— Your goal —
Without the pictures, give the listing below again exactly.

— Supplied material —
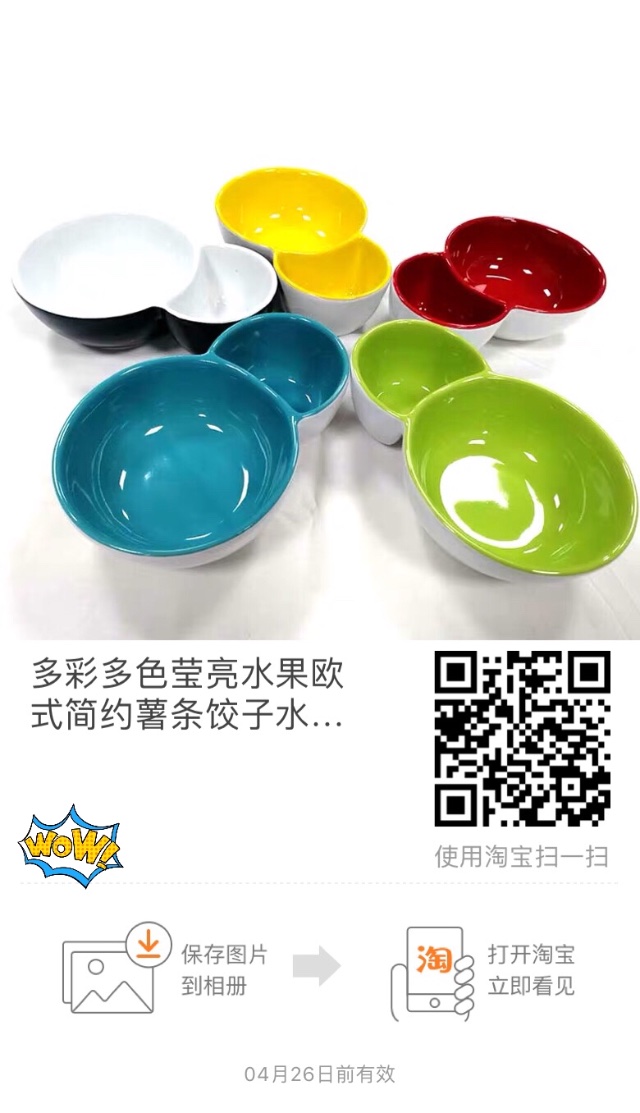75BEE6BB-F3A5-4B71-BFE5-6D3F2F361F35.jpeg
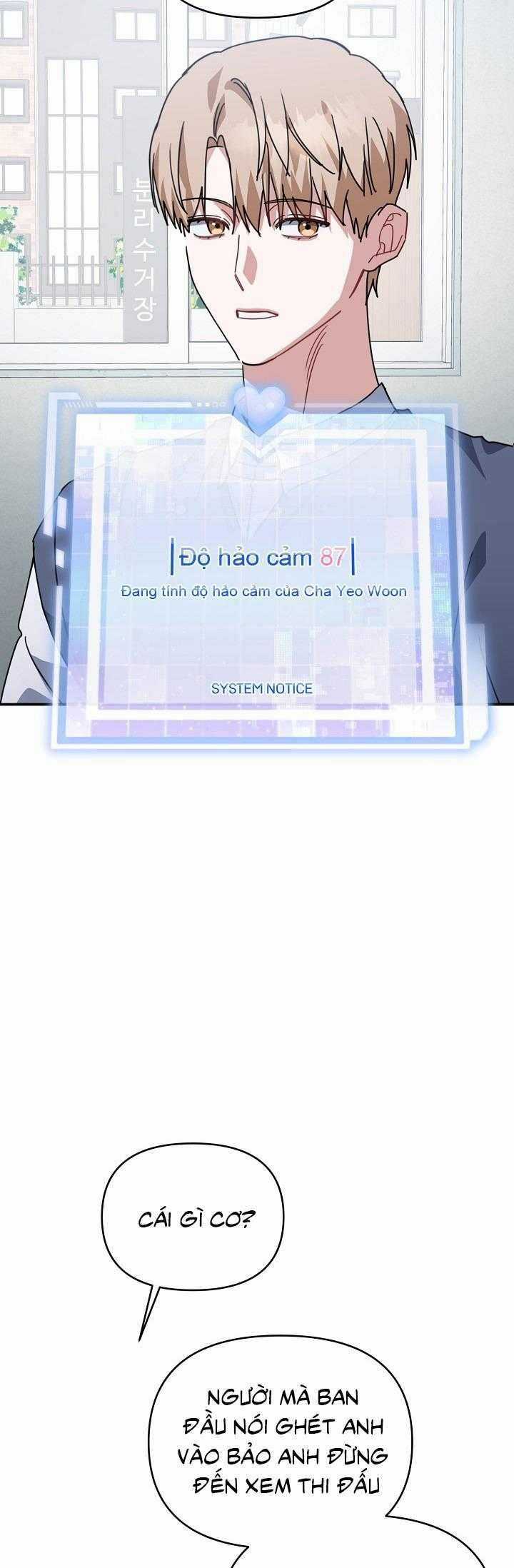 Khu Vực Chủ Nghĩa Tình Yêu Chương 74 trang 34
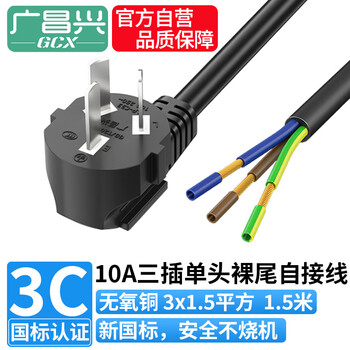 Guangchangxing (g.c.x) national standard 3c certification 10a 3*1.5 square oxygen-free copper 1.5 meters three-core power cord with plug bare tail row socket self-wiring internal wiring of electrical equipment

— Solution to the exercise —
75BEE6BB-F3A5-4B71-BFE5-6D3F2F361F35.jpeg
 Khu Vực Chủ Nghĩa Tình Yêu Chương 74 trang 34
 Guangchangxing (g.c.x) national standard 3c certification 10a 3*1.5 square oxygen-free copper 1.5 meters three-core power cord with plug bare tail row socket self-wiring internal wiring of electrical equipment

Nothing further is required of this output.